# Acorn squash with shrimp and scallops



## RuddeDogg (Mar 20, 2004)

1 Medium acorn squash
1/2 lb medium scallops
1/2 lb medium shrimp peeled and deveined
1/3 cup of bread crumbs
1/3 cup grated parm/romano cheese
1 tblsp unsalted butter
1 clove of garlic minced
1/4 cup sweet onion
3-4 slices of bacon, browned and chopped, save 1tblsp of the fat
1 tsp canola oil
1/4 cup stock or water
kosher salt
fresh ground pepper

Prepare the squash:

Preheat the oven to 375 degs. Cut the squash lengthwise and scopp out the seeds. Salt and pepper the squash meat. Place the halves open face down on a lightly oiled cookie sheet. Bake for approx 30-45 mins until a fork passes through the squash with little effort. 

Prepare the stuffing:

Heat the reserved bacon fat and 1 tsp canola oil in medium saute pan, medium-high setting.

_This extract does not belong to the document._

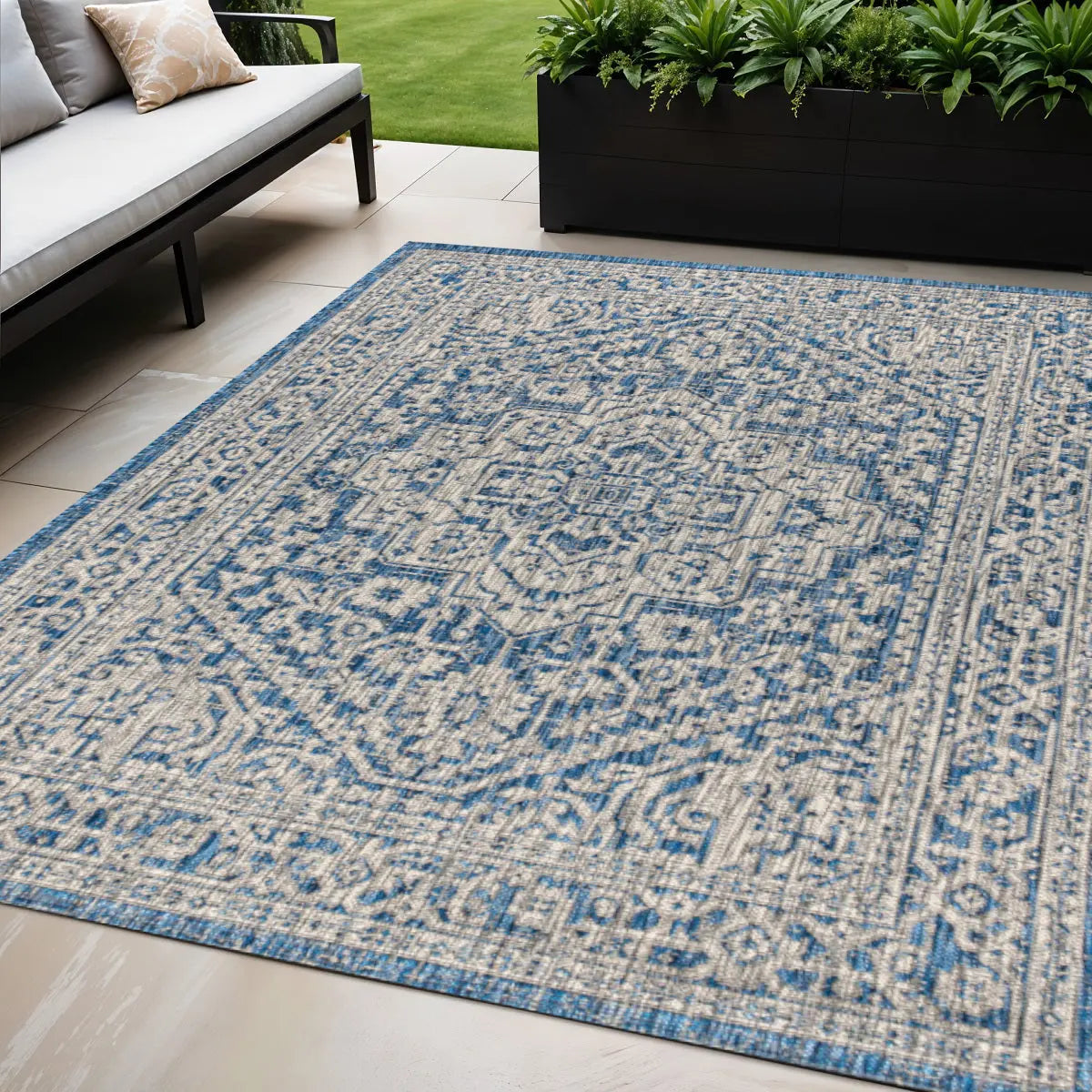 5' X 8' Navy Blue And Gray Medallion Indoor Outdoor Area Rug Homeroots Outdoor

Add the onion and saute until clear about 3 mins. Add the garlic and saute until fragrant about 1 min. Toss in the scallops and shrimp and saute for about 2 mins. Add the stock. The purpose of the stock is to stem the scallops and shrimp and secondarily to add moisture to the stuffing. Once the stock is added stir for about 1 min. Remove the scallop mixture to a bowl. Add the cheese, breadcrumbs, and bacon. You may want to add the cheese and breadcrumbs a little at a time because you want the mixture moist, not soaked but not certainly dry. 

Finish:

Once the squash is done, remove them from the oven and butter the inside thoroughly with the unsalted butter. Devide the stuffing between the halves and firmly stuff the hollow of each squash. Return the squash face up to the oven for about 8 mins. Serve warm. 

(NOTE) If serving mnore than one squash increase the recipe by one.


----------